#### Directions
Return the whole listing, line for line, without the pictures in it.

#### Supplied data
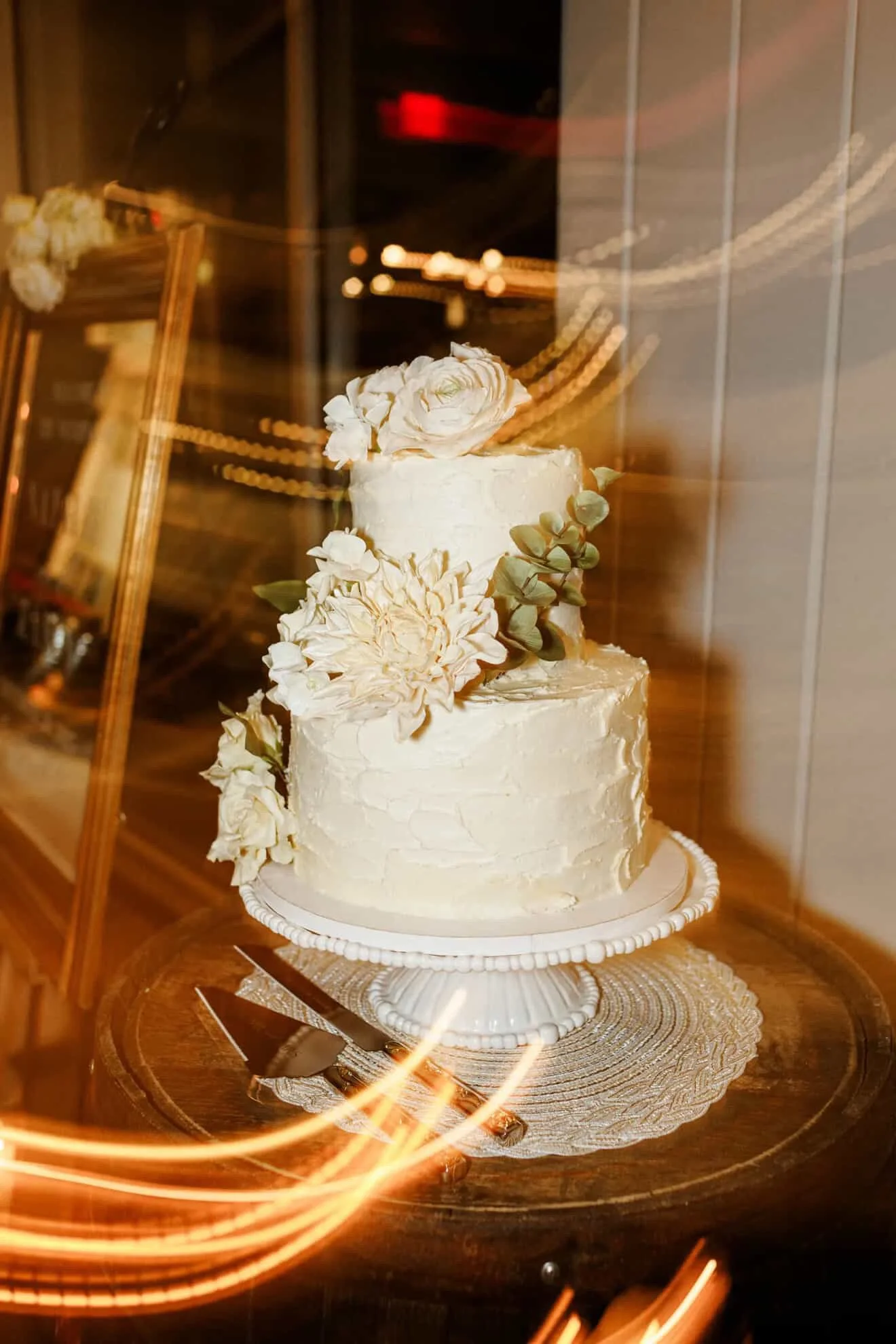 A three-tiered wedding cake with white frosting and floral decorations, displayed behind glass.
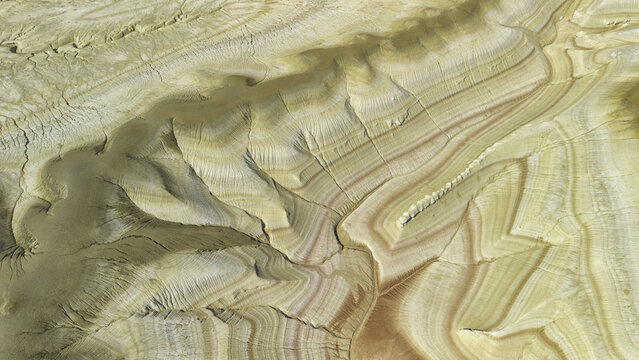 Aerial view of the arid, layered desert landscape with intricate erosion patterns and colorful soil strata in Satbayev, Ulytau Region, Kazakhstan.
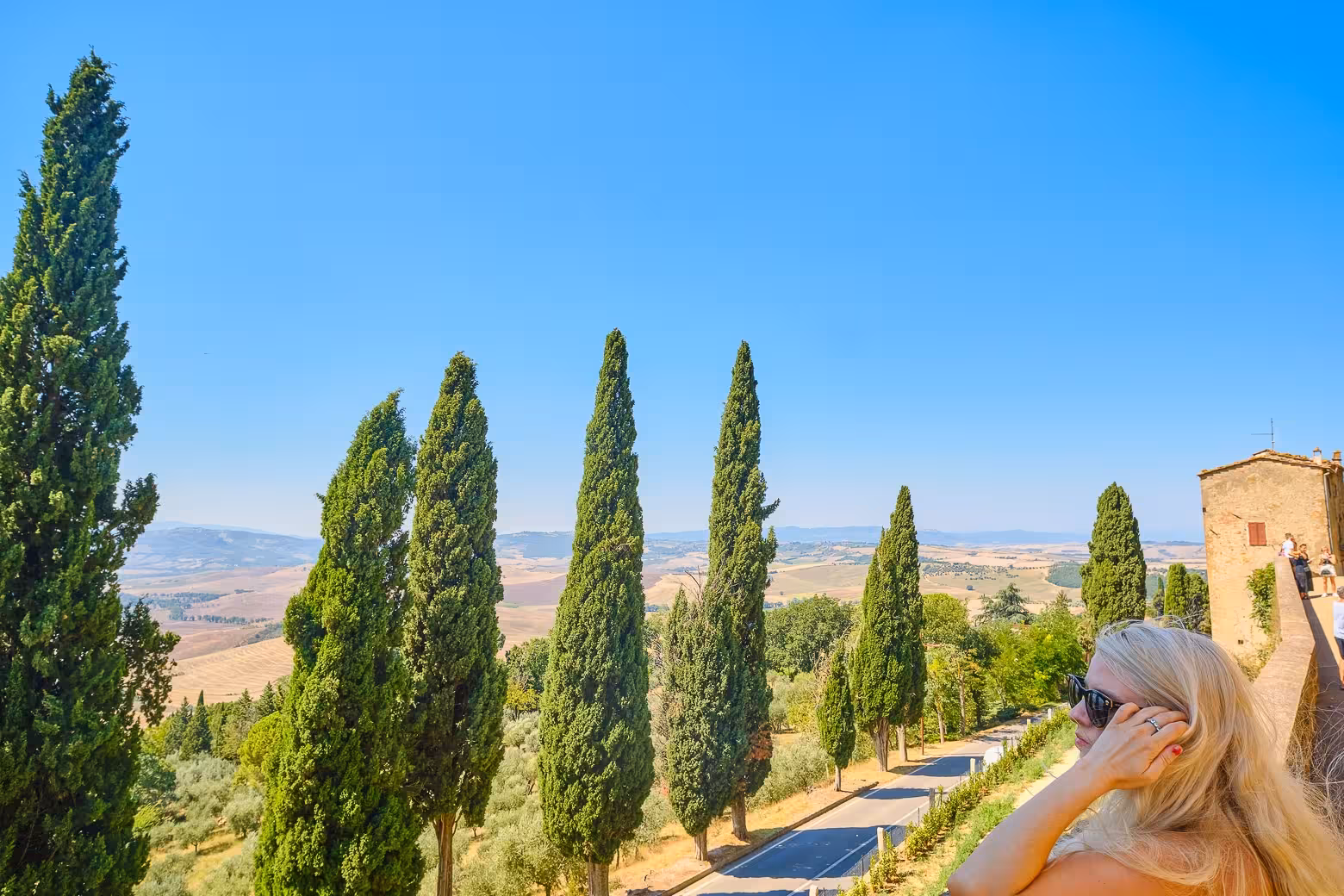 A visitor enjoys the panoramic view of Val D'Orcia's landscape, framed by iconic cypress trees and sunny skies.
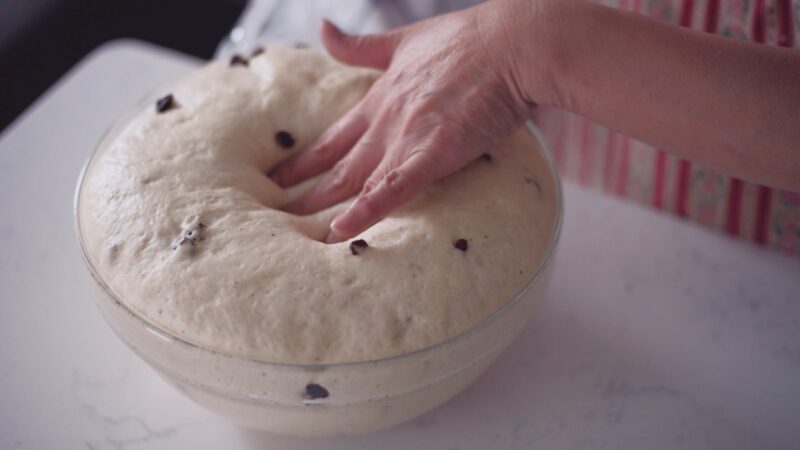 Risen dough in a bowl is punched by a hand to deflate.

#### Answer space
 A three-tiered wedding cake with white frosting and floral decorations, displayed behind glass.
 Aerial view of the arid, layered desert landscape with intricate erosion patterns and colorful soil strata in Satbayev, Ulytau Region, Kazakhstan.
 A visitor enjoys the panoramic view of Val D'Orcia's landscape, framed by iconic cypress trees and sunny skies.
 Risen dough in a bowl is punched by a hand to deflate.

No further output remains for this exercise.